Electronics/entertainment giant Sony plans to take its financial services unit public next fall.
The company announced the partial spin-off of Sony Financial Group (SFGI), a business that includes banking and payment services, as it released quarterly earnings on Wednesday (Feb. 14).
“Under the plan, Sony plans to distribute slightly more than 80% of its shares of SFGI to Sony’s shareholders through dividends in kind as a result of the spin-off, and to hold slightly less than 20% of shares of SFGI after the execution of the spin-off,” Sony said in its announcement.
Assuming Sony’s board approves this plan in May, the company intends to take its financial services operations public in October 2025.
The announcement came as Sony reduced its revenue outlook, projecting that sales of its lead product, the PlayStation 5 (PS5) gaming console would sell less than previously forecast.
“Looking ahead, PS5 will enter the latter stage of its life cycle,” said Naomi Matsuoka, senior vice president, per a report by Bloomberg. “As such, we will put more emphasis on the balance between profitability and sales.
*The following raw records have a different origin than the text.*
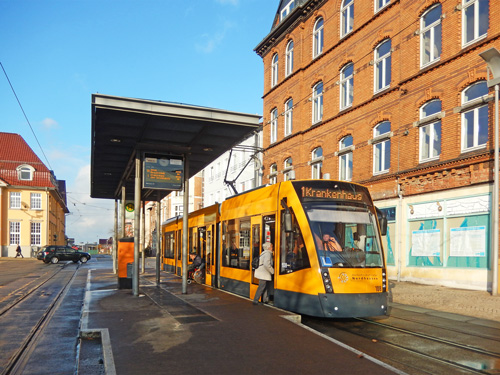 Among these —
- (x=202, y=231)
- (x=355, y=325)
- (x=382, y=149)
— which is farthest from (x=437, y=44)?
(x=355, y=325)

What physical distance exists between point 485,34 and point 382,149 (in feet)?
21.1

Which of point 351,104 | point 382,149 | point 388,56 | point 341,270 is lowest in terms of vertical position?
point 341,270

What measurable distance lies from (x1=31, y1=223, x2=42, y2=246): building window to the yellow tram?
55.3 metres

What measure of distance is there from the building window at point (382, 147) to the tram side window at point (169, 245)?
1104 cm

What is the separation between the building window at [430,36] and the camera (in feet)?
60.9

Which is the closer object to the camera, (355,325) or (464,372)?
(464,372)

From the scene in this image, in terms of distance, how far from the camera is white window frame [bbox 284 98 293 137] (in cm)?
2927

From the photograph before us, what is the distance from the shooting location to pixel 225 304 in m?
11.8

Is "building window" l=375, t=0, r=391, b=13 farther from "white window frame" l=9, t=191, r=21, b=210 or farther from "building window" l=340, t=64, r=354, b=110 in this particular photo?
"white window frame" l=9, t=191, r=21, b=210

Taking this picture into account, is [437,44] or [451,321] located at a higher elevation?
[437,44]

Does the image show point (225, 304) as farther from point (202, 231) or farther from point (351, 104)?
point (351, 104)

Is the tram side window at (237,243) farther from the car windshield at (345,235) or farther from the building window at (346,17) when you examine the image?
the building window at (346,17)

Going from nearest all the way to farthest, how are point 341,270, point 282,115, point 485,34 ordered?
point 341,270 < point 485,34 < point 282,115

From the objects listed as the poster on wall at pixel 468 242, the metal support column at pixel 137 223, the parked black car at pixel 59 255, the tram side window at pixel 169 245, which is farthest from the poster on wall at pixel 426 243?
the parked black car at pixel 59 255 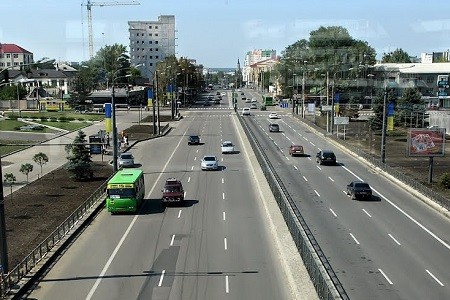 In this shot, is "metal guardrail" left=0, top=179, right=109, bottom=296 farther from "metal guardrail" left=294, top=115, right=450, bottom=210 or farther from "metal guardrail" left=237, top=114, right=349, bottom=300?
"metal guardrail" left=294, top=115, right=450, bottom=210

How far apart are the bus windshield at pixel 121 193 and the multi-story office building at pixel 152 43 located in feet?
257

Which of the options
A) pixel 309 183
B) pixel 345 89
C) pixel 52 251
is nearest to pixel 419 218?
pixel 309 183

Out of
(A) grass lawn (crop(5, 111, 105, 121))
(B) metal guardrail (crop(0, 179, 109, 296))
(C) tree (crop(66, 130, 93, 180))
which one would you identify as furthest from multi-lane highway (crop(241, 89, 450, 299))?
(A) grass lawn (crop(5, 111, 105, 121))

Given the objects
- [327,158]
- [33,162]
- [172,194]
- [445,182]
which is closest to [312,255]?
[172,194]

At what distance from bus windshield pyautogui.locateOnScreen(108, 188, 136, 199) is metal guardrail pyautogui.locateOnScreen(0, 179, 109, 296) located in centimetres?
120

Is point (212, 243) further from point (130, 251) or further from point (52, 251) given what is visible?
point (52, 251)

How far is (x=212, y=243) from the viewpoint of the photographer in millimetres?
18031

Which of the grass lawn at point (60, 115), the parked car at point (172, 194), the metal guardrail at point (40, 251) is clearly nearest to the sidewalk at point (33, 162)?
the metal guardrail at point (40, 251)

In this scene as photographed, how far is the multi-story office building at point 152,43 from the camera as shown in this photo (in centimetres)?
10256

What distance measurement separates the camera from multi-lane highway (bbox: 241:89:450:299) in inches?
568

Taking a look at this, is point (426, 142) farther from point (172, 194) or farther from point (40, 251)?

For this reason, we expect the annual sales pace of PS5 hardware to start falling from the next fiscal year.”
The company’s sales news is happening as consumers are spending less on nonessential purchases due to ongoing economic pressures.
The PYMNTS Intelligence report “Consumer Inflation Sentiment Report: Consumers Cut Back by Trading Down,” found that 69% have reduced nonessential spending on retail goods specifically because of high inflation. In addition, 41% of retail shoppers say this has been the most substantial change to their shopping habits.
The news follows reports from last month that Sony’s India unit was preparing to call off a $10 billion merger with Zee Entertainment due to an impasse over the question of whether Zee CEO Punit Goenka would continue to head the new company.
“Talks with Zee are not advancing, but we think India is a promising market with high growth potential over the long term,” Sony Chief Operating Officer Hiroki Totoki said on a call after the earnings report, per Bloomberg. “If there’s anything that can replace the Zee deal, we’d like to consider it actively.”